# Exercise directions
Would you copy only the lines below, beginning with the one that contains "Ermita de sant fructuós de lilla." and running through the last entry line?

[Stored items]
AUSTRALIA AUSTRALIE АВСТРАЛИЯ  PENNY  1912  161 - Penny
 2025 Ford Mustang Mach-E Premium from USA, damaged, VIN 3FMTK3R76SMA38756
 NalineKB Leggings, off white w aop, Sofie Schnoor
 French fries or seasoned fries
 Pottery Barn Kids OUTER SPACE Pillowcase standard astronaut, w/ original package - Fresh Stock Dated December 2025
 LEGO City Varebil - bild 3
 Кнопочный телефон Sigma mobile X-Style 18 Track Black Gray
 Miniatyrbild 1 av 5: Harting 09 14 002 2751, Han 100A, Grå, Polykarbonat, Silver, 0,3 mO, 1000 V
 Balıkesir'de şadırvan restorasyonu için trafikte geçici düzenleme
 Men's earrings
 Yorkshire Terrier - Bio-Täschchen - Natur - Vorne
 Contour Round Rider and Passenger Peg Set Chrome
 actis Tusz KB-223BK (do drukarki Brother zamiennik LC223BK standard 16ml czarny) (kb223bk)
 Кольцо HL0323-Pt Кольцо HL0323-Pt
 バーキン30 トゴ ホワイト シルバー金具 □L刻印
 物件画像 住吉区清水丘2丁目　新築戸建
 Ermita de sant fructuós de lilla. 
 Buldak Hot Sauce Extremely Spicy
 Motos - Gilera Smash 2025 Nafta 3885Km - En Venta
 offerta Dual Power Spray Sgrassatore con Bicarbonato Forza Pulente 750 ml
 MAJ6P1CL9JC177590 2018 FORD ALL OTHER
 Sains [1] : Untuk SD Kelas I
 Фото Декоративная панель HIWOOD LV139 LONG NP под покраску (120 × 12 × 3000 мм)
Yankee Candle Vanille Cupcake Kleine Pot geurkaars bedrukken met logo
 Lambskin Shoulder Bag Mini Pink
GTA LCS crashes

# Answer to this exercise
 Ermita de sant fructuós de lilla. 
 Buldak Hot Sauce Extremely Spicy
 Motos - Gilera Smash 2025 Nafta 3885Km - En Venta
 offerta Dual Power Spray Sgrassatore con Bicarbonato Forza Pulente 750 ml
 MAJ6P1CL9JC177590 2018 FORD ALL OTHER
 Sains [1] : Untuk SD Kelas I
 Фото Декоративная панель HIWOOD LV139 LONG NP под покраску (120 × 12 × 3000 мм)
Yankee Candle Vanille Cupcake Kleine Pot geurkaars bedrukken met logo
 Lambskin Shoulder Bag Mini Pink
GTA LCS crashes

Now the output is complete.